Usé estas herramientas en toda mi vida corporativa — como CMO Regional en Samsung, en LG, en los roles de CEO. Nadie a mi alrededor lo sabía. Yo sí sabía que ese sistema era parte de cómo tomaba decisiones, cómo leía entornos, cómo creaba.
Después mi alma dijo: quiero experimentar el full potencial. En ese proceso de soltar el personaje y abrirme completamente, FSP siguió siendo el sistema que sostuvo todo. Hoy lo enseño porque cambia lo que eres capaz de hacer — y de ser.
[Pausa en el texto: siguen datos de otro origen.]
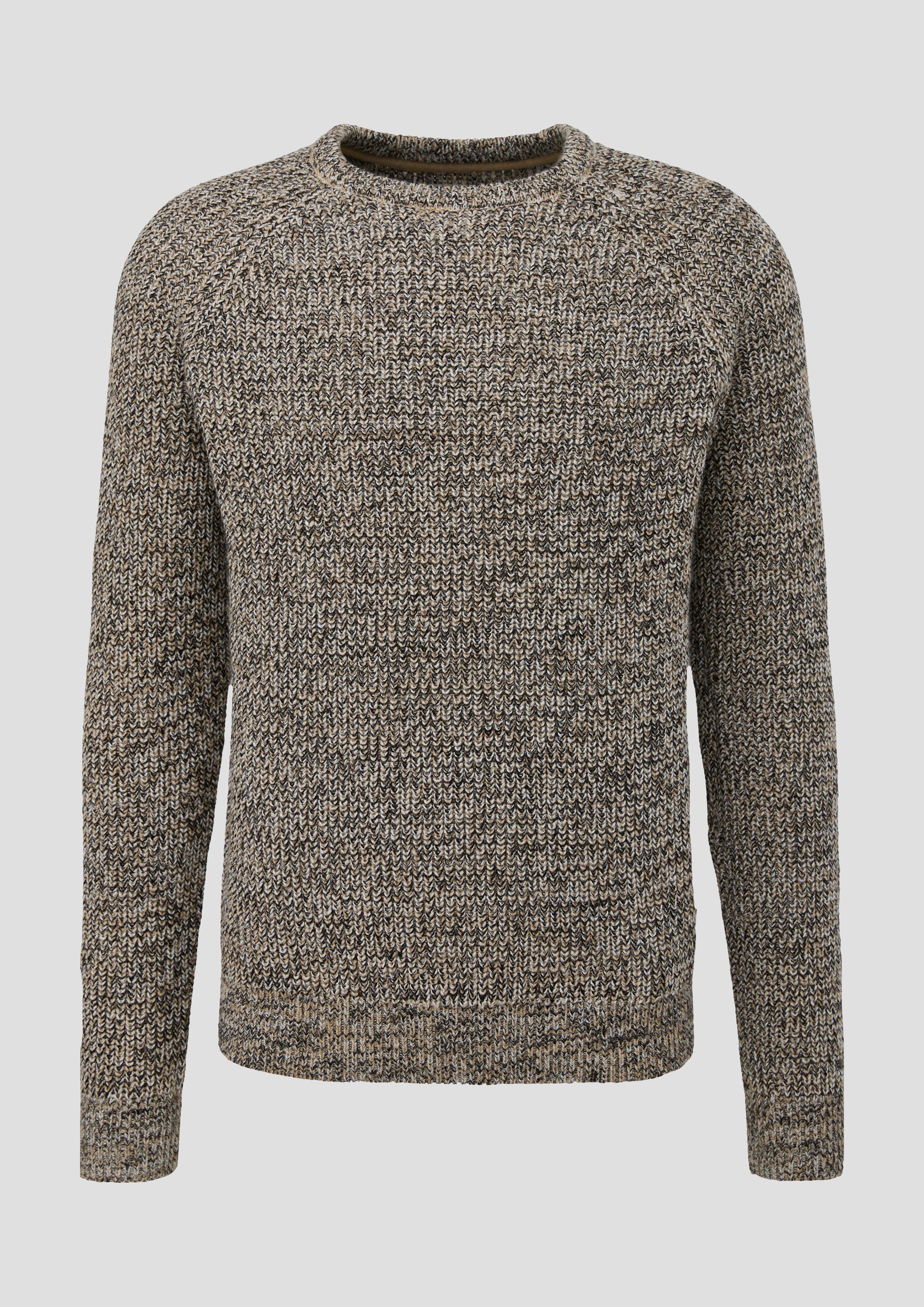 Strickpullover mit Raglanärmeln  2134608-82W0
Todas mis capacidades se expandieron al punto de poder crear una realidad fuera del sistema — libertad en todos los aspectos. Todo se alineó, y así ha seguido hasta hoy.
Y sin embargo, es un trabajo continuo. Tiene altos y bajos, más resistencia a soltar el personaje que quiere crear una realidad producto de la ilusión — no de su verdadera esencia. Vas limpiando esos patrones y se siente el vacío, que es la liberación del programa. Después de la noche oscura siempre llega el día.
Y con las herramientas y la comunidad te darás cuenta de una de tantas verdades: jamás estuviste sola. El universo — el mismo Dios — vive dentro de ti.